Historical myths DEBUNKED!

I worked for a pretty good sized government agency (around 20,000 people, all in) that had a legacy system written in a programming language that had not been taught in years. The system had been developed in-house, and by the 1990s, all the original developers had long since retired. We tried to hire outside consultants to do updates, but nobody could decipher the coding or the agency was unwilling to pay them for the time it would take for them to learn it, so we continued to slog on with our in-house staff trying to keep it running with baling wire and wet tissue paper. As the agency undertook a massive Y2K effort, our programmers realized that this particular legacy system absolutely could not be updated, because the date field was limited to two digits for the year, and there was no way to expand it. Their solution? Redefine the century. They realized that the earliest date in the database was something like 1932, so that became the first year of the century. Any date ending with 32 or later would return a value of “19XX”, while any date ending in 00 through 31 would show as “20XX”. They have just over six years before that system goes tits up.

Don’t want to derail the thread, but is this system still in operation? And is the language COBOL?

There was a popular TV series called Wagon Train which depicted the wagons as being pulled by horses. Almost all the wagons in the westward migration were pulled by oxen, which are much easier to drive until they drop, and then when they drop, they are much tastier. Wagon Train was most certainly not the only instance of this error.

Which any Gen Xer who played the OG Oregon Trail should know. (Well, ok, not the OG but the Apple II iteration that we all know.)

I don’t know.
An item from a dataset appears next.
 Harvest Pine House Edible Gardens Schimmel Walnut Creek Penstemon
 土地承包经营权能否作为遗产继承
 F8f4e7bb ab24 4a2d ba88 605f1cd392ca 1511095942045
I retired eight years ago, and one of my main responsibilities was to ride herd on the programmers who actually worked on the system. I lobbied for years to get a new system up and running, but there was no sense of urgency after the Y2K “fix”, since the eventual collapse was still three decades away. Considering that this particular agency didn’t spend money to fix things until they broke, they’re probably still using it. It was not COBOL. I could have done it if it was written in COBOL. And most of the consultants who we tried to hire assured us that they had keyboard monkeys who could read and write in whatever code we had, only for them to throw up their hands and give up OR increase their proposed rates substantially when we actually gave them some of the coding.

Depends on what you’re talking about. The captain of a British privateer, yes.
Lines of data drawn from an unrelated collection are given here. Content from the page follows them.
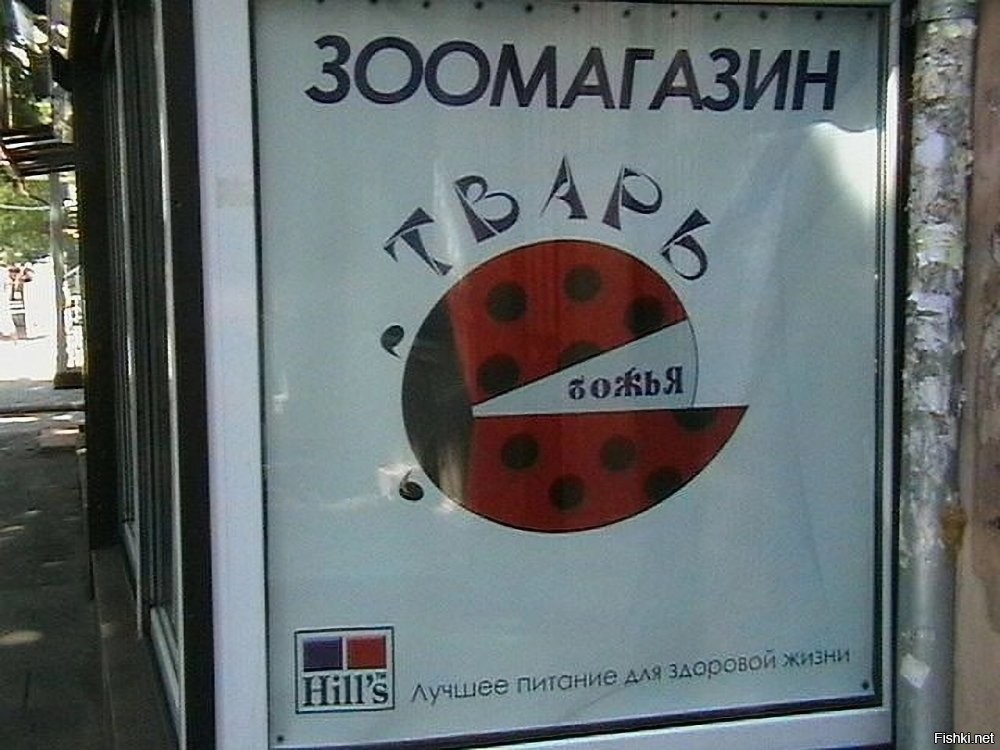Солянка от 04.04.2026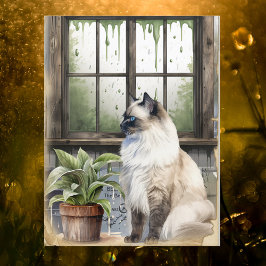 雨の日に水色の青い目の猫 シーズンポストカード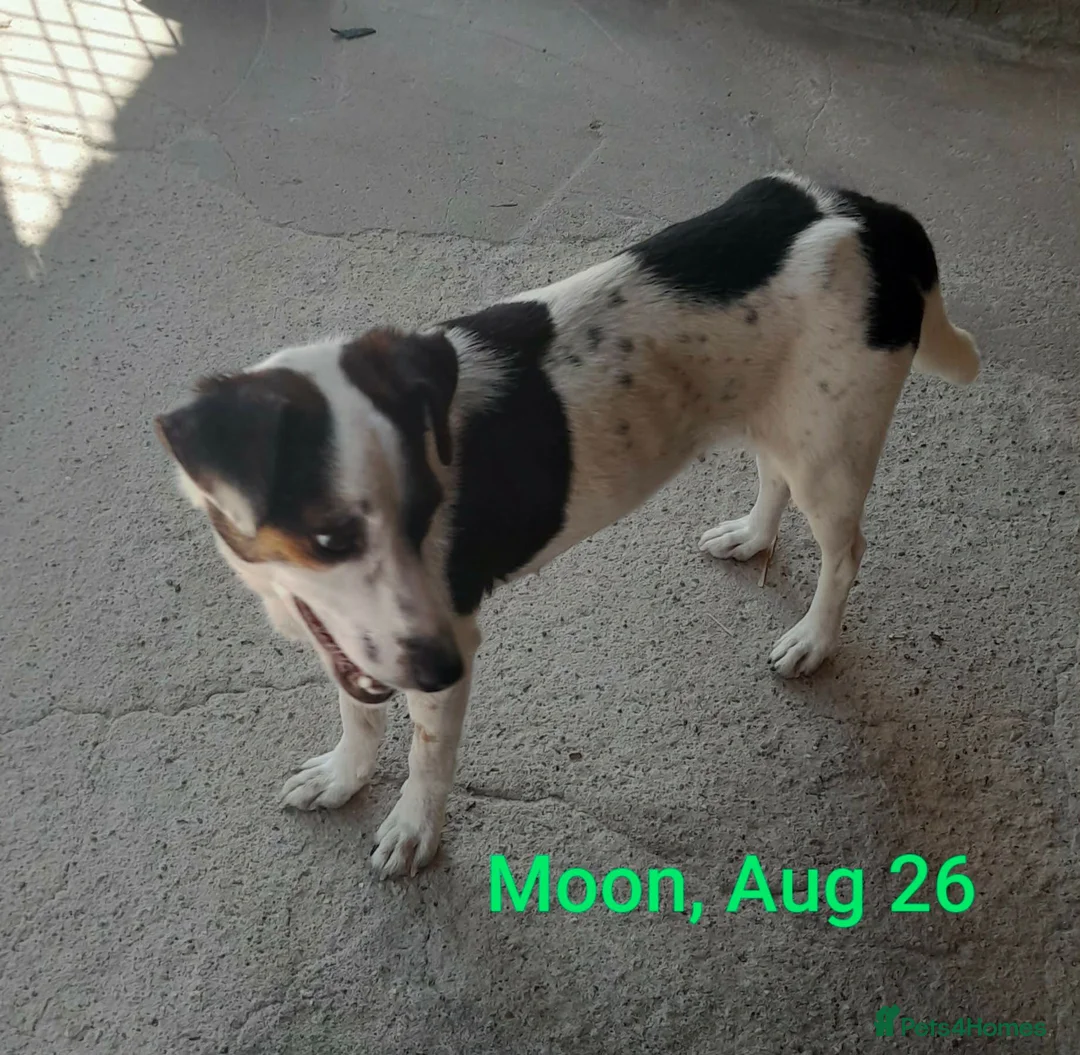Mixed Breed dogs for adoption: Moon, 1.5 yrs approx. Available for adoption. - Advert 1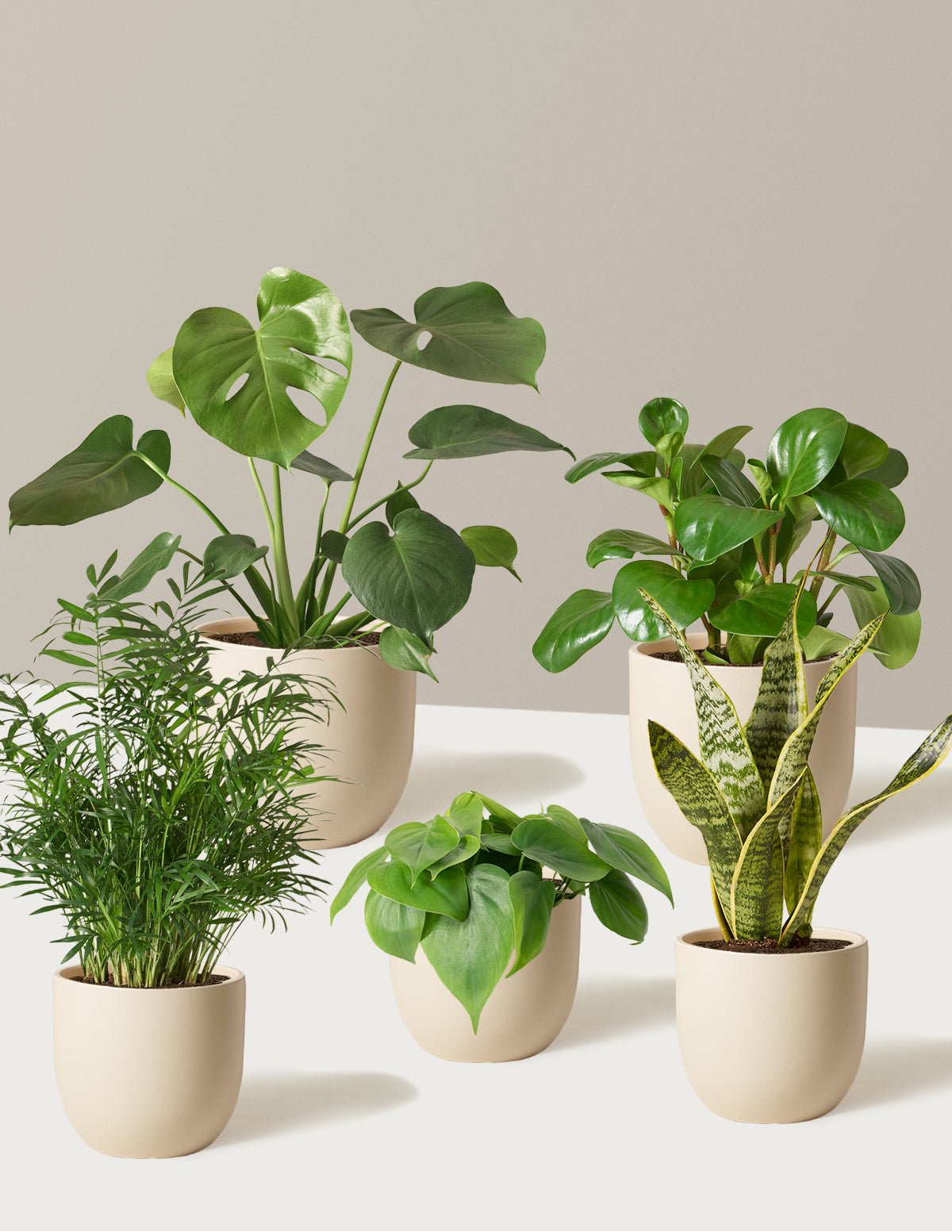 The Favorite 5 Bundle Hover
But good old Black Bart, who was elected rather than appointed, supposedly only took a double-share. Caribbean pirates during the so-called ‘Golden Age of Piracy’ could be far more democratic and egalitarian as there was no government backing up the captains. They could be usurped and to some extent had to play to the crowd like a good politician.

Now the source of that double-share claim is not exactly impeccable. It could be wrong. Also the captain likely got the best choice of everything and lived larger. But considering it was a purportedly elected position, I imagine it is at least closer to the truth than the massive prize takes of more normal government-sanctioned privateer captains.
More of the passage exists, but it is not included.